When Pickman finally reappeared, he refused to say where he'd been, other than to tell friends that he'd "rediscovered his reason for living." He quickly began painting and displaying his works again. Though critics again hailed his artistic skill and vision, they and the rest of the public were appalled by his new paintings. Nearly all of his new works depicted, with Pickman's trademark clarity and realism, hideous monstrosities eating corpses. The monsters resembled hairless combinations of humans and feral dogs and looked all the more loathsome for their sardonic, frighteningly intelligent expressions. The best-known of Pickman's so-called Ghoul Period was the sickening "Ghoul Feeding," which focused on one of the monsters, snacking on the fairly fresh corpse of a young girl that it has just exhumed. The ghoul is holding the child's head in its jaws and seems to be smiling slightly at the viewer.

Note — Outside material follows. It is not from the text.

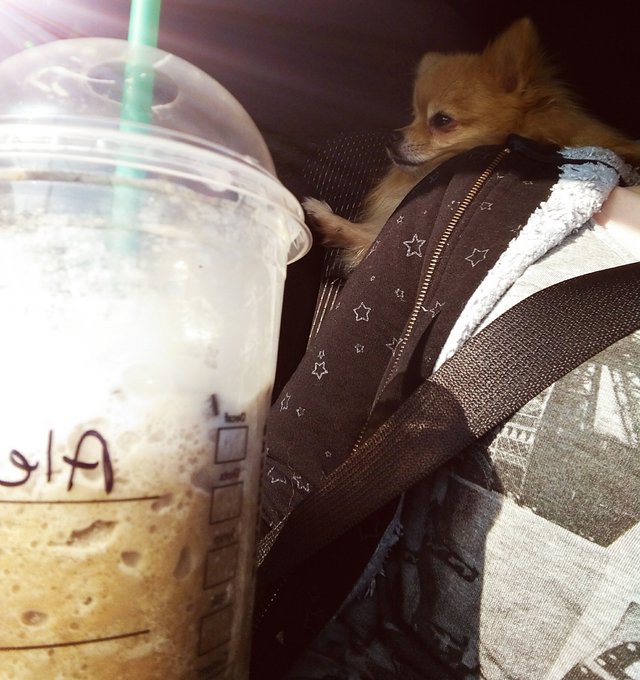 Starbucks and pups! #DesiArnazJrJr #PeppermintMocha #frappuccino https://t.co/KhMCGZK4PS<a href="/tag/desiarnazjrjr"class="tags">#DesiArnazJrJr</a><a href="/tag/peppermintmocha"class="tags">#PeppermintMocha</a><a href="/tag/frappuccino"class="tags"><span>#frappuccino</span></a>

Other notable Pickman paintings -- many of which were not seen in public until they were exhibited briefly in the 1970s -- included "The Lesson," a picture set in Boston's puritan past, depicting a circle of ghouls patiently teaching a normal human child how to feed upon a cadaver; "The Changeling," another historical work, in which a Puritan father reads scriptures to his family -- all listen piously, except one of the older children, who somewhat resembles one of Pickman's ghouls and who leers mockingly at his siblings; "Subway Accident," set in modern Boston, in which a cluster of ghouls swarms up from a tunnel and attacks a group of terrified commuters on a subway platform; and "Excavation," an underground painting with very odd lighting resembling infrared photography -- the painting shows a ghoul dragging a corpse directly from its coffin into a tunnel under a cemetery. Some of Pickman's paintings exhibit a very dark sense of humor. In one, a gang of ghouls are shown reading and cackling over the entries of a modern Boston tourist guidebook; the title of the painting is "Holmes, Lowell, and Longfellow Lie Buried in Mount Auburn."

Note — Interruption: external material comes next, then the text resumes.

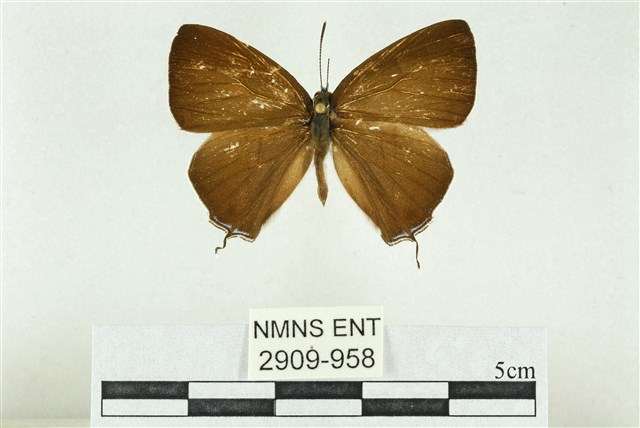 Teratozephyrus arisanus (Wileman, 1909)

Pickman's Ghoul Period earned him a lot of artistic respect -- he was hailed in some corners as one of America's greatest artists, though even his most ardent supporters admitted to not being able to stomach looking at his paintings for longer than a few minutes at a time. His works were prized by some collectors, but even they preferred not to display them. Most galleries refused to exhibit his paintings at all.

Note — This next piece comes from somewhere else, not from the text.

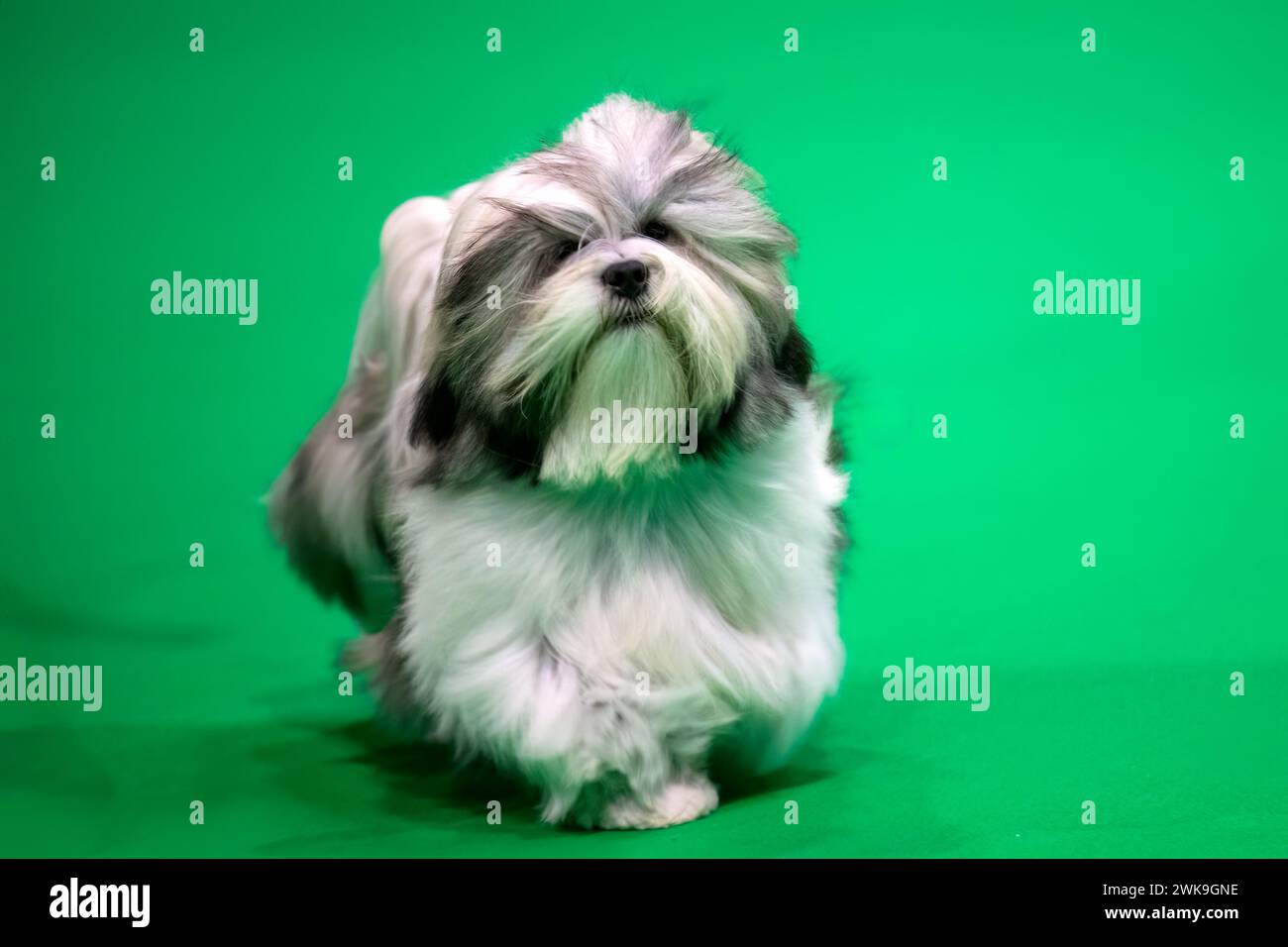 Long haired Lhasa Apso puppy dog ata dog show walking on green carpet Stock Photo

Pickman disappeared from his home in 1926. Police were reluctant to investigate his disappearance as a murder or suicide, since they thought he might just be off recharging his creative batteries again. His family from Salem took his belongings home and reportedly burned all of the photographs and paintings from his apartment.

Every once in a while, someone will discover a new Pickman painting. These are usually found to be fakes when it becomes clear that they were painted after his disappearance.

Encyclopedia Cthulhiana by Daniel Harms, p. 167-168.